Lockheed Martin is the world's largest defense contractor, generating $75B in revenue from F-35 fighter jets (28% of sales), missile defense systems (Patriot, THAAD), rotary aircraft (Black Hawk, Sikorsky), and space systems. The company operates under multi-year, cost-plus and fixed-price contracts with the U.S. DoD (70% of revenue), allied governments, and NASA, with a $160B backlog providing 2+ years of revenue visibility.
Lockheed operates under long-cycle government contracts with 2-10 year durations. F-35 program generates recurring revenue from production (150+ jets/year at $80-100M unit cost) plus 50-year sustainment contracts. Cost-plus contracts (30-40% of revenue) provide 8-12% margins with minimal execution risk, while fixed-price development programs carry higher risk but 12-15% margins when executed well. Pricing power stems from sole-source positions on critical platforms (F-35, THAAD) and high switching costs due to platform integration complexity. International sales (30% of revenue) carry 15-20% higher margins than domestic.
U.S. defense budget authorization and appropriations (FY2024 at $886B, 3% real growth)
F-35 production rate and international orders (current backlog: 500+ jets worth $50B)
Missile defense procurement driven by geopolitical tensions (Ukraine, Taiwan, Middle East)
Free cash flow conversion and capital deployment (targeting $6-7B FCF, 3.2x debt/equity requires deleveraging)

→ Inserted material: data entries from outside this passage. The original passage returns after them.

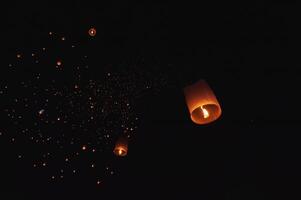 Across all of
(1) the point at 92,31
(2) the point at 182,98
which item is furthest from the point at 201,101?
(2) the point at 182,98

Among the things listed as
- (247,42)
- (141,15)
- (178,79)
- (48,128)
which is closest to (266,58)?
(247,42)

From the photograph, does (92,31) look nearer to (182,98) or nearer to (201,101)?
(182,98)

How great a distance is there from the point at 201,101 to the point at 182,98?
1.73m

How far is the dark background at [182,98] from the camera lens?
3141mm

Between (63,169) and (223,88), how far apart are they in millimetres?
2111

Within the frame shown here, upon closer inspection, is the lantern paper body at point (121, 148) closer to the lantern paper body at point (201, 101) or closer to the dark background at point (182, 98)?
the dark background at point (182, 98)

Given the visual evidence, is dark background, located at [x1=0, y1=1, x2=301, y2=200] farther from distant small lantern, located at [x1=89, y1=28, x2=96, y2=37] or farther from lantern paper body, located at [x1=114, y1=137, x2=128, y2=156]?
lantern paper body, located at [x1=114, y1=137, x2=128, y2=156]

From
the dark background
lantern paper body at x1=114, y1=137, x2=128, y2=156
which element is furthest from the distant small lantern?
lantern paper body at x1=114, y1=137, x2=128, y2=156

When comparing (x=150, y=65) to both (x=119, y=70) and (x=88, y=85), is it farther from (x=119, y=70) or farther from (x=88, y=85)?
(x=88, y=85)

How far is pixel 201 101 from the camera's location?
222cm

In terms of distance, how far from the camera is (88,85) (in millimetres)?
3645

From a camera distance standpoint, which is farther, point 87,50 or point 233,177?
point 233,177

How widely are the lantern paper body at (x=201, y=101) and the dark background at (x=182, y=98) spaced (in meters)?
1.01

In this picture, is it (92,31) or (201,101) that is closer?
(201,101) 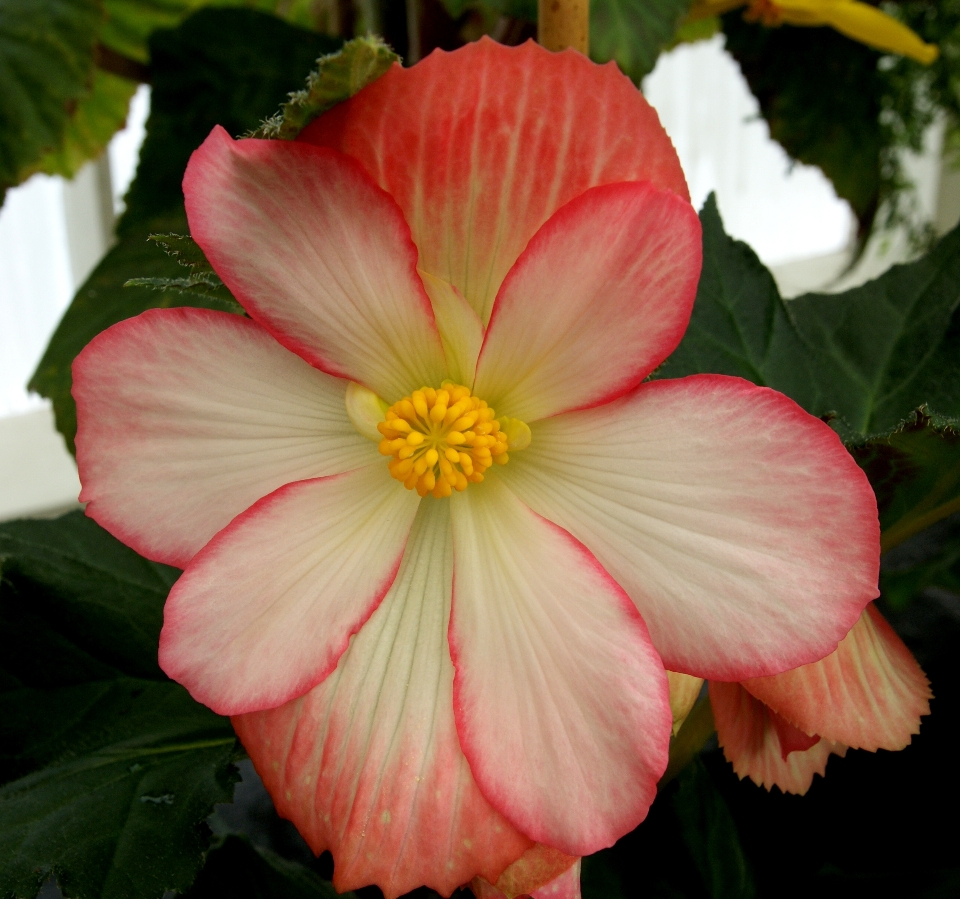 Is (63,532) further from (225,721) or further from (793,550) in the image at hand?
(793,550)

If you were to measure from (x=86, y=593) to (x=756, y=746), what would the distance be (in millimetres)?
253

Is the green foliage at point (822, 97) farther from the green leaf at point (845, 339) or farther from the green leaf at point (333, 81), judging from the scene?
the green leaf at point (333, 81)

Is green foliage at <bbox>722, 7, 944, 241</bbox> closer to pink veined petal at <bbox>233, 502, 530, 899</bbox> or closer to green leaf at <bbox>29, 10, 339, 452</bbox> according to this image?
green leaf at <bbox>29, 10, 339, 452</bbox>

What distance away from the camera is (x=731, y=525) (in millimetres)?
196

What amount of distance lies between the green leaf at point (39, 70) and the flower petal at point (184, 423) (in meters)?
0.41

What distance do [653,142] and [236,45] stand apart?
1.55 ft

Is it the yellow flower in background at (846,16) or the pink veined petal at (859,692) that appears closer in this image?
the pink veined petal at (859,692)

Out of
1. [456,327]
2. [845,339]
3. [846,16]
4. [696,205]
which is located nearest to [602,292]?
[456,327]

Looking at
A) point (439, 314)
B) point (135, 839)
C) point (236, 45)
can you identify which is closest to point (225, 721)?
point (135, 839)

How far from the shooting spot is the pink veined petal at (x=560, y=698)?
0.20 meters

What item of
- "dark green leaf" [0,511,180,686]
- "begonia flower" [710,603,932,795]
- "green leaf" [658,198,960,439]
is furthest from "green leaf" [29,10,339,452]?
"begonia flower" [710,603,932,795]

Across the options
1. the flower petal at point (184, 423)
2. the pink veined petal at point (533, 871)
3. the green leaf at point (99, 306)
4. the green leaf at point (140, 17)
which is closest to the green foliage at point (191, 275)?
the flower petal at point (184, 423)

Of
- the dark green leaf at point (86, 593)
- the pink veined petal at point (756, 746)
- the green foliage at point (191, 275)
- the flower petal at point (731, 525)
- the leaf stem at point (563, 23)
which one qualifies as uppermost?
the leaf stem at point (563, 23)

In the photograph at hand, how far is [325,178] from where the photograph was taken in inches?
7.7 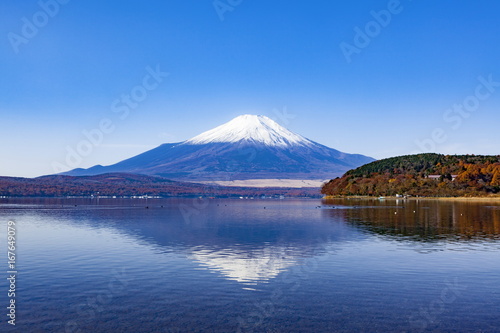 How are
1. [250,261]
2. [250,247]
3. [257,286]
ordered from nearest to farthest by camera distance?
[257,286]
[250,261]
[250,247]

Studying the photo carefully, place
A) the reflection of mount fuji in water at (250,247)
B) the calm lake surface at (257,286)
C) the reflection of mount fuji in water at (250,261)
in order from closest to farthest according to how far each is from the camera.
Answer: the calm lake surface at (257,286), the reflection of mount fuji in water at (250,261), the reflection of mount fuji in water at (250,247)

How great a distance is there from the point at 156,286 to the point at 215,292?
13.4 ft

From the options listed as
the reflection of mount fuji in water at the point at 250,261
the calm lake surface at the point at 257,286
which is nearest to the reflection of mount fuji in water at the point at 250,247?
the reflection of mount fuji in water at the point at 250,261

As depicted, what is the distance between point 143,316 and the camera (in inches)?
864

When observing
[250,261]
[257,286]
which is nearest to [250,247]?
[250,261]

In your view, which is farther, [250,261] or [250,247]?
[250,247]

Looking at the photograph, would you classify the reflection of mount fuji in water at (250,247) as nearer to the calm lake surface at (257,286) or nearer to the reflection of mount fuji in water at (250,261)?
the reflection of mount fuji in water at (250,261)

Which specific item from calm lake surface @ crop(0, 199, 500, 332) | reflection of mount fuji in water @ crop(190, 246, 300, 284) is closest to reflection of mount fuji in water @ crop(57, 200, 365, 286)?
reflection of mount fuji in water @ crop(190, 246, 300, 284)

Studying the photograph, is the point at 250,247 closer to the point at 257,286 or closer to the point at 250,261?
the point at 250,261

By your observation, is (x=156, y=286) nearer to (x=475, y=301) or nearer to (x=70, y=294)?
(x=70, y=294)

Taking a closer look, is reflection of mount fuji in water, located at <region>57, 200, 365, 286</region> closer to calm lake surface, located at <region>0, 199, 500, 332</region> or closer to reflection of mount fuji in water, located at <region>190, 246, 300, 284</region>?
reflection of mount fuji in water, located at <region>190, 246, 300, 284</region>

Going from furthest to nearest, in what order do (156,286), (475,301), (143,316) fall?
(156,286) → (475,301) → (143,316)

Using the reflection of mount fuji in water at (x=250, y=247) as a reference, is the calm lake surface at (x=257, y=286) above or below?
below

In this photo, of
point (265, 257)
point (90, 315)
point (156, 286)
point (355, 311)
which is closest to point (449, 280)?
point (355, 311) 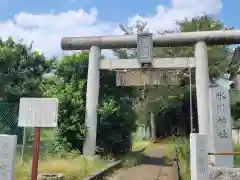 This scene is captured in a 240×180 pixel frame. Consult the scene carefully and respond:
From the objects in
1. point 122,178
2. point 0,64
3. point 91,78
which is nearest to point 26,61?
point 0,64

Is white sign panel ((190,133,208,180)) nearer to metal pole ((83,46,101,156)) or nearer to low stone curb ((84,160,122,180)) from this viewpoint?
low stone curb ((84,160,122,180))

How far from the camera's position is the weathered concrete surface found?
879 cm

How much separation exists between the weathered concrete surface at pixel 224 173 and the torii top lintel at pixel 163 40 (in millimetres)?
6751

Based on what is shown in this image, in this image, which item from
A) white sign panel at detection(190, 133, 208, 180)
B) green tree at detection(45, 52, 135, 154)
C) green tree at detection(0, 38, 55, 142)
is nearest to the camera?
white sign panel at detection(190, 133, 208, 180)

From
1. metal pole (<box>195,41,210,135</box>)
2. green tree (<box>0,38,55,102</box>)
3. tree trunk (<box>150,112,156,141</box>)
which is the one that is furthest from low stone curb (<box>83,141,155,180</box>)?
tree trunk (<box>150,112,156,141</box>)

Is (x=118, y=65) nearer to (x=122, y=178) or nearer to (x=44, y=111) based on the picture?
(x=122, y=178)

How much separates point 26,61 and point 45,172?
8.18 m

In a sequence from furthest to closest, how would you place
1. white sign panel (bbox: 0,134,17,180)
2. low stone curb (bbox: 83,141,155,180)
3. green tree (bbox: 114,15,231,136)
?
green tree (bbox: 114,15,231,136), low stone curb (bbox: 83,141,155,180), white sign panel (bbox: 0,134,17,180)

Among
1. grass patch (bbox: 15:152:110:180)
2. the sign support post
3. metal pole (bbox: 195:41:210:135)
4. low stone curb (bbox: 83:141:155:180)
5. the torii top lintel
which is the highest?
the torii top lintel

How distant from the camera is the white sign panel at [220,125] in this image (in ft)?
32.4

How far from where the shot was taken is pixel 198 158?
252 inches

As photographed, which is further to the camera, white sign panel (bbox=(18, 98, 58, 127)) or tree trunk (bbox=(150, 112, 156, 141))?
tree trunk (bbox=(150, 112, 156, 141))

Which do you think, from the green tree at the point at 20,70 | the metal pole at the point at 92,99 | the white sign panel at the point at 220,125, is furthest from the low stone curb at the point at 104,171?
the green tree at the point at 20,70

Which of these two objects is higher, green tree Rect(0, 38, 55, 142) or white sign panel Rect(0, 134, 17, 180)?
green tree Rect(0, 38, 55, 142) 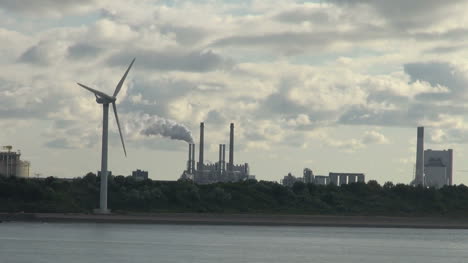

Program execution on fixed-price development contracts (cost overruns compress margins by 200-400bps)
Defense budget constraints from U.S. fiscal deficits and debt ceiling debates could flatten real spending growth below 2% annually, pressuring top-line
F-35 program concentration risk (28% of revenue) - any production cuts, foreign order cancellations, or Block 4 delays materially impact earnings
Shift toward unmanned systems and software-defined platforms favors non-traditional defense contractors (Palantir, Anduril), eroding franchise value of legacy platforms
Northrop Grumman (B-21 bomber), Boeing (F-15EX), and RTX (missiles) compete for share of constrained defense budgets
Emerging hypersonic and directed energy weapons programs face competition from new entrants with lower cost structures
International competitors (BAE Systems, Dassault, Saab) undercutting F-35 pricing on export competitions with Gripen, Rafale at 40-50% lower acquisition cost
3.2x debt/equity ratio elevated vs. 2.0x peer average, limiting financial flexibility for M&A or share repurchases beyond $4B annually
Pension underfunding of $15B creates $800M-1.2B annual cash contribution requirement, constraining FCF available to equity holders
Fixed-price development contracts ($12B in backlog) carry execution risk - 10% cost overrun on major program eliminates $300-500M in operating income
low - Revenue driven by multi-year government appropriations rather than GDP. Defense spending exhibits counter-cyclical tendencies during geopolitical stress. 90% revenue visibility from backlog insulates from economic cycles. However, discretionary commercial space and cybersecurity segments (5% of revenue) show moderate GDP sensitivity.
moderate - $20B gross debt at 3.8% weighted average rate creates $80M annual expense sensitivity per 100bps rate move. Pension obligations ($15B underfunded) face discount rate sensitivity: 50bps rate increase improves funded status by $1.5B, reducing required contributions. Rising rates compress P/E multiple (currently 19x vs. 15x historical average), as defense stocks trade as bond proxies during peacetime. Customer financing costs minimal given government counterparty.
minimal - 98% of revenue from sovereign governments with AAA-AA credit ratings. Payment risk negligible. Working capital benefits from progress payments (receive 80-90% of costs before delivery). No meaningful exposure to commercial credit cycles or consumer lending.
value/dividend - Attracts defensive investors seeking 2.5% dividend yield, stable cash flows, and geopolitical hedge. 50% 1-year return reflects multiple expansion from defense spending tailwinds, not fundamental earnings growth (-4% EPS growth). 80% ROE driven by financial leverage (3.2x D/E) rather than operational excellence. Momentum investors rotating into defense on Ukraine/Taiwan tensions.
low - Beta of 0.6-0.7 reflects defensive characteristics. Stock exhibits low correlation to economic cycles but spikes on geopolitical events (Russia/Ukraine, China/Taiwan tensions). 10% intra-quarter volatility typical, with 20-30% drawdowns during defense budget cut cycles (2013 sequestration precedent).